The other half of the group in Swift Cemetery, who had been sitting on the church stairs, came running back to the gravesite.
"We heard someone talking!" Holly says, handing the recording over for playback. Everyone huddles together, ears alert as they rewind and replay the digital sound byte over and over again.
"There’s a little girl’s voice at the beginning, and then a man’s voice in the middle."
"I don’t know what the girl’s saying, but to me, it sounds like he’s saying, ‘Please don’t step on the wood.’"
"Oh yeah, that was definitely it."
They hurry back to the parking lot to hand it over to Mike, the electronics expert. He plays it for the excited group of listeners.
"Oh no," one man says. "That was me. I said I was fixing to step on the wood."
"That didn’t sound like you."
"Well it was."
"Well, the little girl definitely wasn’t you."
Disappointed for now, the group headed back into the cemetery to record more.
"See, we don’t just accept everything as a ghost," Tina said. "We try to think of all the reasons why we are seeing things or our meters are going off. We aren’t totally crazy."
The group also does not smoke while taking pictures, whisper while they are recording voice or wear bright clothing because these all affect the outcome of the recordings. And on a night like tonight, after a big thunderstorm, the group is careful to not confuse moisture in the air with orbs.

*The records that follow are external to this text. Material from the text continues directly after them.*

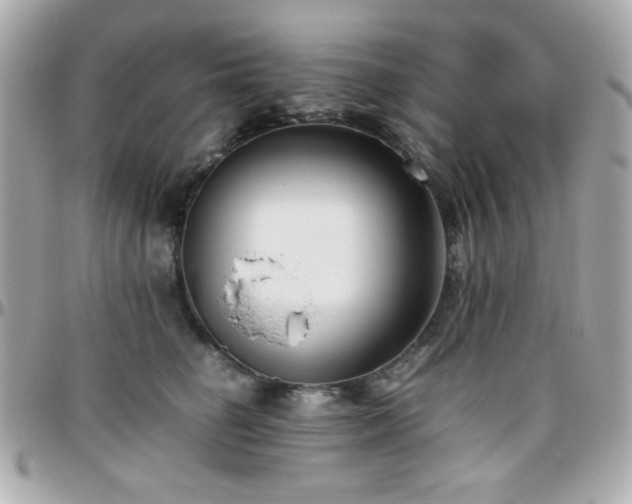 X0000096460662200801241408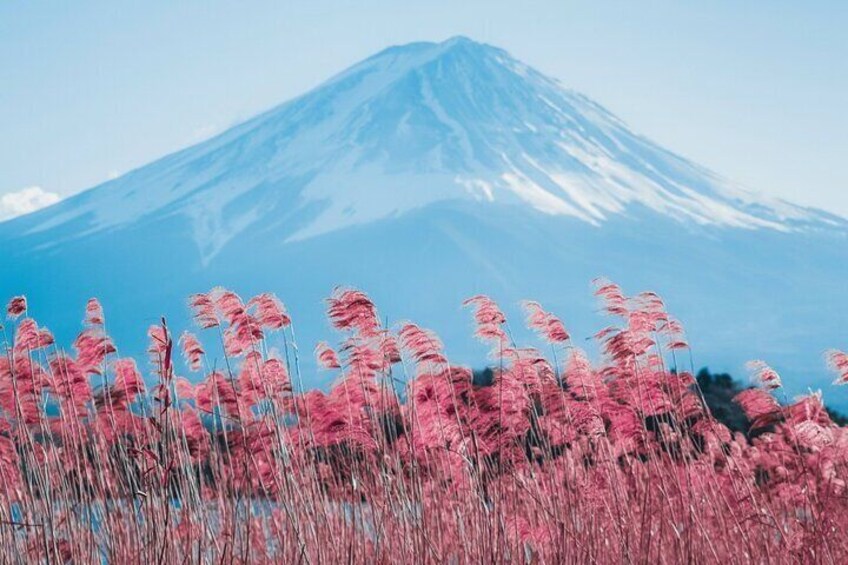 Mount Fuji Famous Scenic Spots Full Day Tour from Tokyo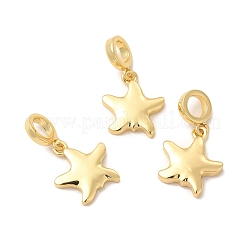 Rack Plating Brass Star European Dangle Charms&nbsp;KK-B068-48G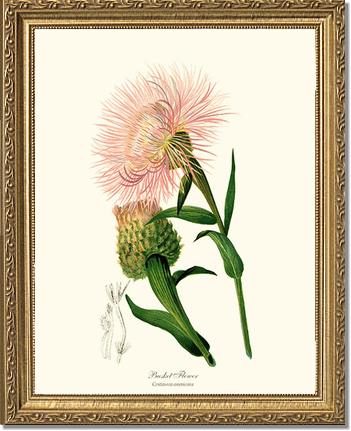 Basket Flower | Flower/Floral Art Print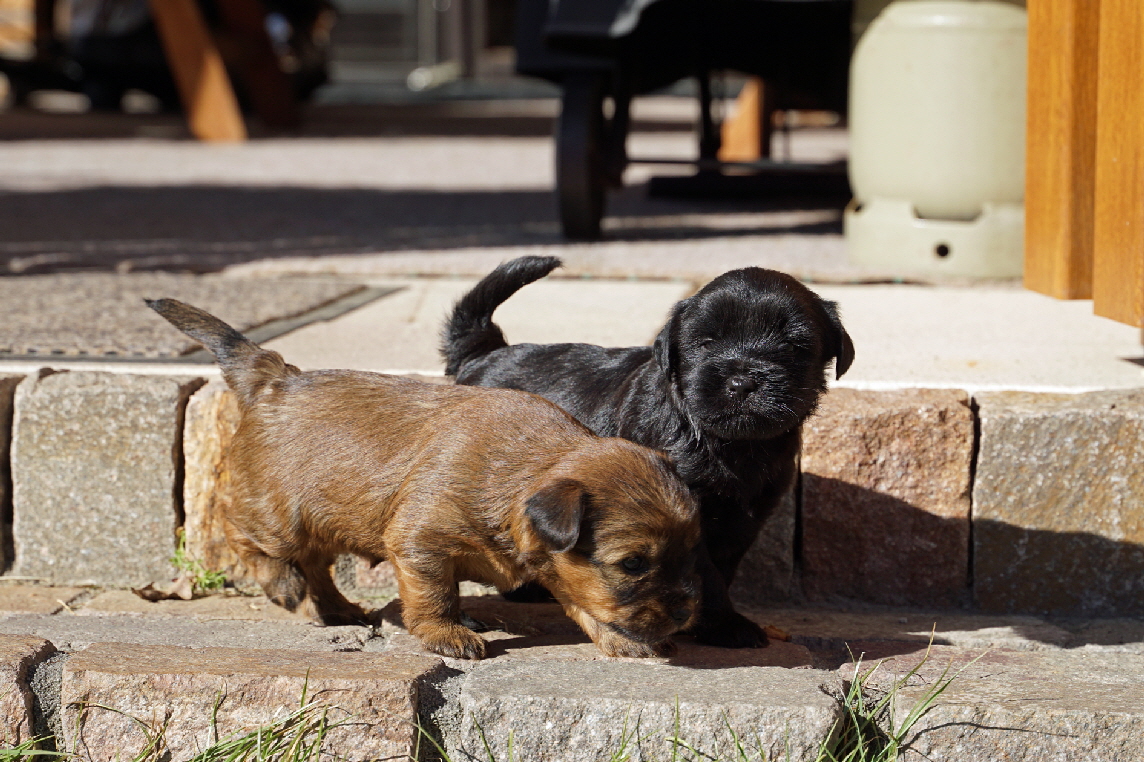 Matilda und Higgins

The group never knows what they have until they review all of the pictures, audio and videotapes. Knowledgeable about computers, Mike is trying to make the time-consuming process more efficient. He wants to begin a live feed from the field straight to the laptop on the hood of his pickup truck, so footage can be analyzed on-site instead of hours later at home. He would also like to one day create a feed directly to the Internet so others could watch.
"A lot of times, it’s hard to tell what’s on the picture until you put it on the computer," Tina said. "So it’s not all that fun when you’re out here. Mike loves to hide and scare everybody."
"I get bored easily!" Mike said, grinning.
"But it’s fun when you go back through it and find stuff," Tina said.
Three hours later, the group packed up and drove 10 miles to Swift Elementary School in Bon Secour. Numerous people have reported to B.S.P.I. sightings of apparitions around the school, supposedly haunted by the school’s founder, his family and his slaves. But after an hour at the school and only a few photos of orbs, the group was ready for bed.
"That’s the way it goes," Richard said. "Sometimes you see things, sometimes you don’t. Maybe tonight just isn’t the night."
"There’s no telling," Evelyn said. "The night is young yet."
Window air conditioners and cicadas humming around her, Evelyn took her barometric pressure gauge and Kodak camera and walked back into the vacant playground.